▶ **Provided material**:
Segment Open
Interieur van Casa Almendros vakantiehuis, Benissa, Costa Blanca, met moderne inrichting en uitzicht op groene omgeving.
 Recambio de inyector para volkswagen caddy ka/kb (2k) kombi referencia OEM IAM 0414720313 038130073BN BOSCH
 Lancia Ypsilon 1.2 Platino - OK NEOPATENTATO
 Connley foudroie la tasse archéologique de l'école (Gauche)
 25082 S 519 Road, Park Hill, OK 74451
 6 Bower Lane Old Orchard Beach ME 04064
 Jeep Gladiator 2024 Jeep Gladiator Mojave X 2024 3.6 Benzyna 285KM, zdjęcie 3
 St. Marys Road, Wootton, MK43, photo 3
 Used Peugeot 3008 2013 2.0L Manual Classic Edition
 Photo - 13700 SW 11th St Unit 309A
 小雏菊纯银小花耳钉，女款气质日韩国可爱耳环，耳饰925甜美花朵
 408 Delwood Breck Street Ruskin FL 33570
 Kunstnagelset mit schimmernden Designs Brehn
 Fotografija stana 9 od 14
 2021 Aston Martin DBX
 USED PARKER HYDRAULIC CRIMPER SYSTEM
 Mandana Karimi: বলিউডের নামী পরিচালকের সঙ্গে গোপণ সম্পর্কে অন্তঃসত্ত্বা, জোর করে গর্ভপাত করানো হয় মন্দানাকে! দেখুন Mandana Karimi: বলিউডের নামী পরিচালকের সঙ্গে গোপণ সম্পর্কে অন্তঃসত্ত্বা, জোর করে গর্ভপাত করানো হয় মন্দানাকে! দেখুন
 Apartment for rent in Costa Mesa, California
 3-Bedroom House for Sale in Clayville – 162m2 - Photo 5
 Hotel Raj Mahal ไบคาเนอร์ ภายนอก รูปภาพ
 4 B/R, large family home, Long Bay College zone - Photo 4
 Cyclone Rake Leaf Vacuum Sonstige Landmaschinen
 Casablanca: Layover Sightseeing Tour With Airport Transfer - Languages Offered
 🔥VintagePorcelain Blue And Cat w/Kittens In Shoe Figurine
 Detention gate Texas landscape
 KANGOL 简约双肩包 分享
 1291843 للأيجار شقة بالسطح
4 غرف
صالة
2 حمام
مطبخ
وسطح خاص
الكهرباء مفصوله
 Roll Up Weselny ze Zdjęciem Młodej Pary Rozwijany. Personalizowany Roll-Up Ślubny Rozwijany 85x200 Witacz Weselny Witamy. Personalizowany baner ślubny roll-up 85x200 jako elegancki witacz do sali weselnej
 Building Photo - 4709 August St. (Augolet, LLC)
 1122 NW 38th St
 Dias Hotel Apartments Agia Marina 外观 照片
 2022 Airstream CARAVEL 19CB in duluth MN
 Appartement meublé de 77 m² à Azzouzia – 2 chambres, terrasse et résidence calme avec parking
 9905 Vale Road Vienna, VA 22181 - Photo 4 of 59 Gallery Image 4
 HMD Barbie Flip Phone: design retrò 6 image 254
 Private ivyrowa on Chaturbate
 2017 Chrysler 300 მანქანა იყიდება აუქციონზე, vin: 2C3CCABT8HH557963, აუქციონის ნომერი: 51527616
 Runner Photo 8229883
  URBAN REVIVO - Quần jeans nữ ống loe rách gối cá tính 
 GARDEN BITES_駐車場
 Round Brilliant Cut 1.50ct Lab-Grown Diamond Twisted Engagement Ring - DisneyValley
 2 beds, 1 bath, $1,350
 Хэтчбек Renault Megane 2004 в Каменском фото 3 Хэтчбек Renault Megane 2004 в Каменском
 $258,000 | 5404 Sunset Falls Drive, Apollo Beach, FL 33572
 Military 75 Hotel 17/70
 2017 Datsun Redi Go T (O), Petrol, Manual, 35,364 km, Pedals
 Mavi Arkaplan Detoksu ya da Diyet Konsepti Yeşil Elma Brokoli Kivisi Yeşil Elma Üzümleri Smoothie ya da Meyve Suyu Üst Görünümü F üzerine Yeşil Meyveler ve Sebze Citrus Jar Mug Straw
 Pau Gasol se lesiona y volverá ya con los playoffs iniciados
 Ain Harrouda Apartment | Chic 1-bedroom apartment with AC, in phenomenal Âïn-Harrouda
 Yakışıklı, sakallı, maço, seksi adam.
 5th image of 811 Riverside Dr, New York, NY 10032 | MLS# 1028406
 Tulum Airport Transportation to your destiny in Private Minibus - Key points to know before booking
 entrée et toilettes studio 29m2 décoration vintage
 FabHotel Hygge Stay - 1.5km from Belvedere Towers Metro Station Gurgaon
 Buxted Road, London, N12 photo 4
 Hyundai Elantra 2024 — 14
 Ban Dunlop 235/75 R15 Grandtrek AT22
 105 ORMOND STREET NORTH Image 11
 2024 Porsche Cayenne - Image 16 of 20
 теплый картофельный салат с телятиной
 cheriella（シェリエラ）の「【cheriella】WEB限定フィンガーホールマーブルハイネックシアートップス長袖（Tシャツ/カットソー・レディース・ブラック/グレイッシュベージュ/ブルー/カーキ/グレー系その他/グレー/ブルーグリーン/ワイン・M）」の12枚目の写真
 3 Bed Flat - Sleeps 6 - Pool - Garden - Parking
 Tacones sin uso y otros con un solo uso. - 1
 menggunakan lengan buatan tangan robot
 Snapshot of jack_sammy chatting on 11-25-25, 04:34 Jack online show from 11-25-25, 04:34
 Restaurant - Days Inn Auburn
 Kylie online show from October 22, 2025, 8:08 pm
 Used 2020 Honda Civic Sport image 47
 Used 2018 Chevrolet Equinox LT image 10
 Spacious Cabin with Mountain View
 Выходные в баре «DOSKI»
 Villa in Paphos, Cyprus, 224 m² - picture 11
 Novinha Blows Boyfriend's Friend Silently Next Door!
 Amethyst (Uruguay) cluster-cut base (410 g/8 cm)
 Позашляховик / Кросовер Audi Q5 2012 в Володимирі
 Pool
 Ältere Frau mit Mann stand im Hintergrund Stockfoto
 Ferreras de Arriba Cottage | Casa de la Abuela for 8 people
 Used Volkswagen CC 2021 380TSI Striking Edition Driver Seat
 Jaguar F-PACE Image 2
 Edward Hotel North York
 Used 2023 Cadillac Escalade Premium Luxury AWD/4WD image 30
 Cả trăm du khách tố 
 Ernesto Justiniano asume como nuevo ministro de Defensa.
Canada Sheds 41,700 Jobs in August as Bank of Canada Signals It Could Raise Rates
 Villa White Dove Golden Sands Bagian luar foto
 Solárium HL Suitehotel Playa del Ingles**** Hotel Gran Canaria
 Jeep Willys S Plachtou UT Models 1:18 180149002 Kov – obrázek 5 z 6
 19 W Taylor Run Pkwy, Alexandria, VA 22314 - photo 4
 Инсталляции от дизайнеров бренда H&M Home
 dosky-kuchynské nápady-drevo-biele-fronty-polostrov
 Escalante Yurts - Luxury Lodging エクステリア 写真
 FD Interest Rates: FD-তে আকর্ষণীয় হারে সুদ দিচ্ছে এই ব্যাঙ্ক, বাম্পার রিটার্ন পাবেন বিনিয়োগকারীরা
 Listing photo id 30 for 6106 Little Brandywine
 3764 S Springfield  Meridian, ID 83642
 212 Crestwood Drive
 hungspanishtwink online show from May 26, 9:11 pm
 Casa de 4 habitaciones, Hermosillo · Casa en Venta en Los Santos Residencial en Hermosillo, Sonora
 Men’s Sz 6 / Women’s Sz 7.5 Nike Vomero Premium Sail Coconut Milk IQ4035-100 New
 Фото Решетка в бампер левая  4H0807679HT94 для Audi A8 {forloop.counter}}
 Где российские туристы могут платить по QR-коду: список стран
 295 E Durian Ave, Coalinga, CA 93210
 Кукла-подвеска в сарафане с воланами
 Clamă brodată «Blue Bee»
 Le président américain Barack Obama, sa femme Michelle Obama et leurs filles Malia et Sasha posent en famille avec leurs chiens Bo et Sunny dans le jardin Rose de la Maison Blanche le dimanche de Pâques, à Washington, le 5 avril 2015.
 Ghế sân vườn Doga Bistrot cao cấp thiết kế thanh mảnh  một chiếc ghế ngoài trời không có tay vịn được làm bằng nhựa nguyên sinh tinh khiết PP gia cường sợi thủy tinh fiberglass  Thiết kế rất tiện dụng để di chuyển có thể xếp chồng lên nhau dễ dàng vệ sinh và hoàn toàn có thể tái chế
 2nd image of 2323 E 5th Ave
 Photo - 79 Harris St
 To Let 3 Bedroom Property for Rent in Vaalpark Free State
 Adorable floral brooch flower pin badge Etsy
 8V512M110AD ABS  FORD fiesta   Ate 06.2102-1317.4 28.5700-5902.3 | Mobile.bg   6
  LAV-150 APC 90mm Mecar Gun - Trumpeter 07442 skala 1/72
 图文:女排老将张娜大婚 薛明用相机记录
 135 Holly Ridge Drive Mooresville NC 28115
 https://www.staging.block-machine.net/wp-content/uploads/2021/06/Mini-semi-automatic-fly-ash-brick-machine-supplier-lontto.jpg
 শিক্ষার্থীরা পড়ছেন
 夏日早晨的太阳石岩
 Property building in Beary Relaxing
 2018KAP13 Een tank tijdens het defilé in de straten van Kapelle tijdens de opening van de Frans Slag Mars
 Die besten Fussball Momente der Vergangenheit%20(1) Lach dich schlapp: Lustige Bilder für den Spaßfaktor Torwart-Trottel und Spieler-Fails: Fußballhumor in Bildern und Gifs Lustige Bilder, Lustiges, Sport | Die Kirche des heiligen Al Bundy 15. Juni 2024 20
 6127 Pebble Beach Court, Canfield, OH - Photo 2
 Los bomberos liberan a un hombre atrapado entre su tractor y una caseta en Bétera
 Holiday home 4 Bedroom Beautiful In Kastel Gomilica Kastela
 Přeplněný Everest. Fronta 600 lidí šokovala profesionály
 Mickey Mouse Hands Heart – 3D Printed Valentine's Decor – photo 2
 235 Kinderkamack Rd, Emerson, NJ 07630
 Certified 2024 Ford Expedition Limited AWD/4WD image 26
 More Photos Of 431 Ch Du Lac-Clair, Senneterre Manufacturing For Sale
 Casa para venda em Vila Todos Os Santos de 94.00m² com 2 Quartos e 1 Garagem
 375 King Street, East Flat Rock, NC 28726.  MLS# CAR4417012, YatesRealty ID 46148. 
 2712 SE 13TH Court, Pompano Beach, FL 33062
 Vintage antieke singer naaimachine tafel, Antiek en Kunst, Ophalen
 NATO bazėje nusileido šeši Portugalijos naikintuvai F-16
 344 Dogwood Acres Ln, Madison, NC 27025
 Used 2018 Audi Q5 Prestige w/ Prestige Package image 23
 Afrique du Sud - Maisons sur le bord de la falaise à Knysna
Segment Closed
▶ **Work required**: Look through the entries above and quote exactly the lines from the line with "KANGOL 简约双肩包 分享" to the line with "الكهرباء مفصوله", counting both of those lines.

▶ **Final answer**:
 KANGOL 简约双肩包 分享
 1291843 للأيجار شقة بالسطح
4 غرف
صالة
2 حمام
مطبخ
وسطح خاص
الكهرباء مفصوله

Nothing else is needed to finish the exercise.